The move looks to assuage concerns after Pakistan’s Aviation Minister Ghulam Sarwar Khan said last Friday that the government had asked various commercial airlines, flying clubs and charter companies to ground a total of 262 pilots until investigations into their qualifications were completed.
Pakistan Air Line Pilots’ Association last Saturday questioned the authenticity of the list and called on the judiciary to intervene and investigate the matter, instead of the government, to ensure transparency.
Global safety and transport bodies expressed concern about the alleged “dubious” licences and said they were looking into the matter.
PIA flies a number of international routes, including to the United States, Britain and Europe.
The letter, signed by PIA chief executive Arshad Malik, promised the airline would remain compliant with all international aviation safety and regulatory standards.
“It also ensured that all pilots flying PIA flights are having genuine licences endorsed by the government of Pakistan,” said a copy of the letter sent to the US embassy in Islamabad that is seen by Reuters.

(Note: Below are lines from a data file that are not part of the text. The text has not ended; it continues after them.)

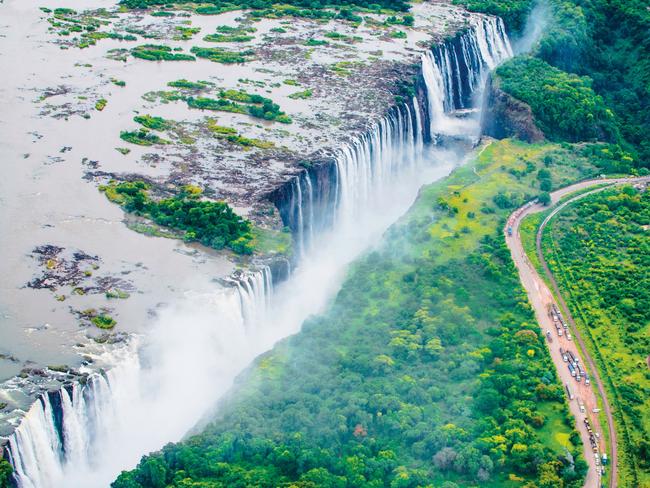 Victoria Falls aerial, ZimbabwePHOTO: Supplied / Scenic SCLESCAPE 27 NOVEMBER 2022HOTLIST, AFRICA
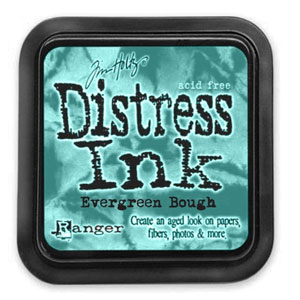 Distress Ink Evergreen Bough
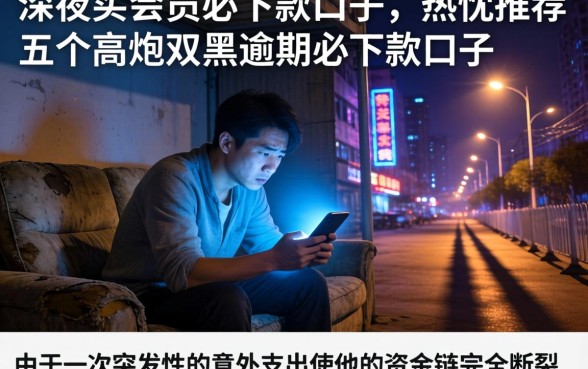 深夜买会员必下款的口子，热忱推荐五个高炮双黑逾期必下款口子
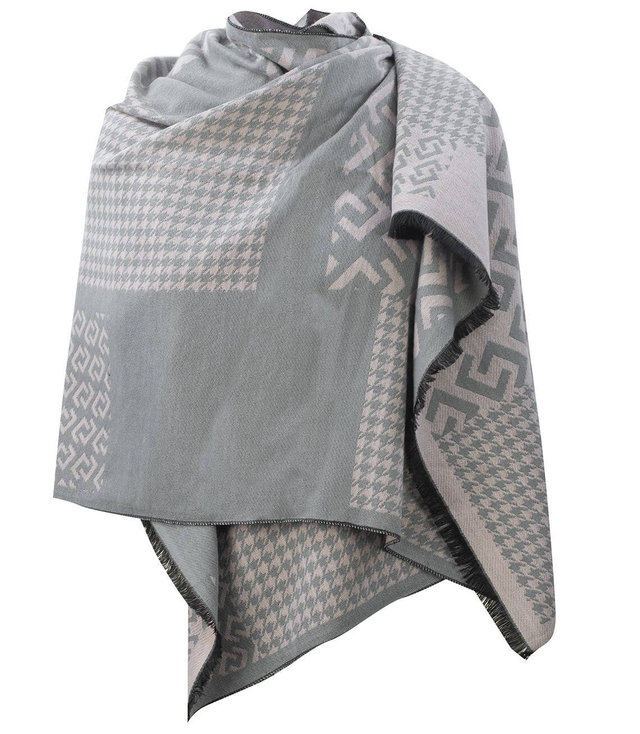 Shawl Woven scarf elegant shawl greek pattern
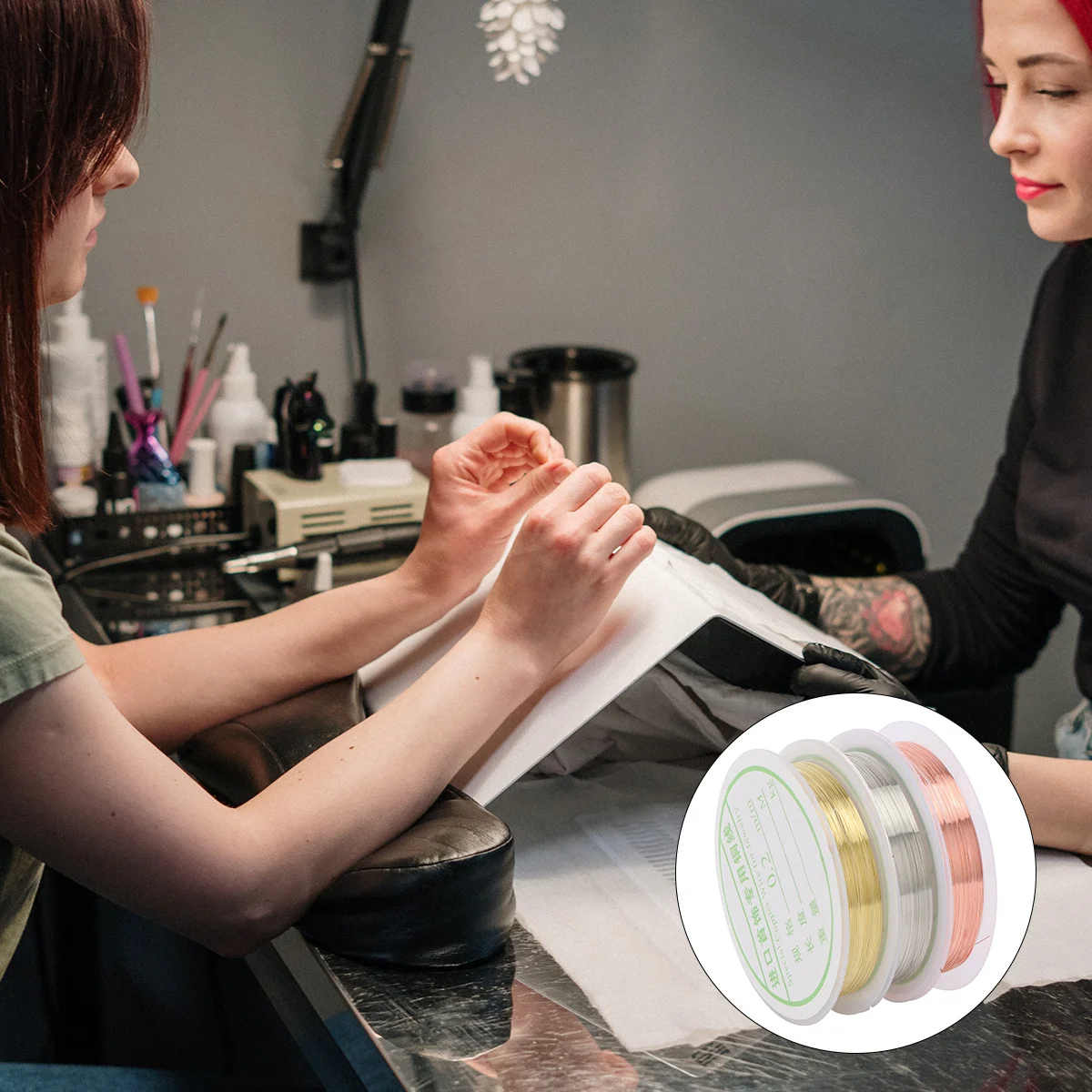 3 롤 매니큐어 네일 아트 골든 실버 로즈 골드 구부릴 수 있는 컷팅 가능한 DIY 매니큐어 라인 스티커 장식 스파클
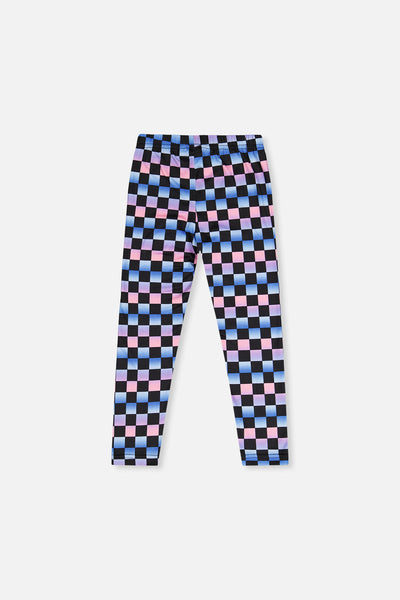 Leggings Black Checkered Print - J20L62_2J291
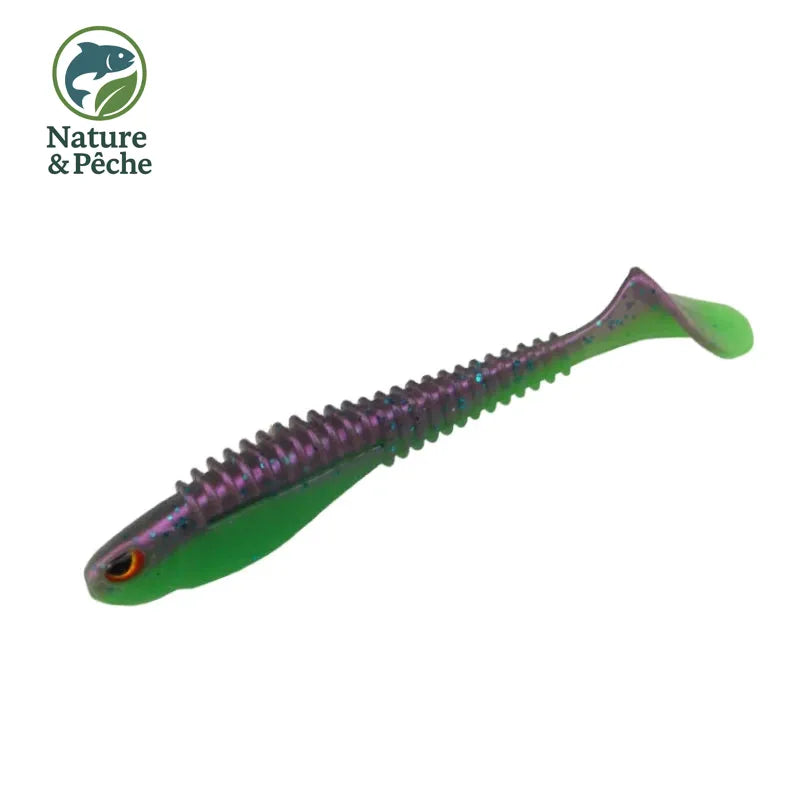 Pack de 6 Leurres Souples Kes Fishing SN100 – 4 pouces / 7,5 g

PIA’s spokesman last Saturday said the letter had been sent to all heads of foreign missions in Pakistan as well as international aviation regulators and safety monitoring agencies.
Mr Khan had said the move to ground the pilots would help allay global concerns and show wrongdoing had been corrected. He said five officials from the aviation authority had been suspended for abetting the suspected pilots.
In a joint statement, the International Federation of Air Line Pilots’ Associations and the International Federation of Air Traffic Controllers’ Associations called for the crash probe to be conducted along international standards, urging against “premature conclusions” based on incomplete or speculative information.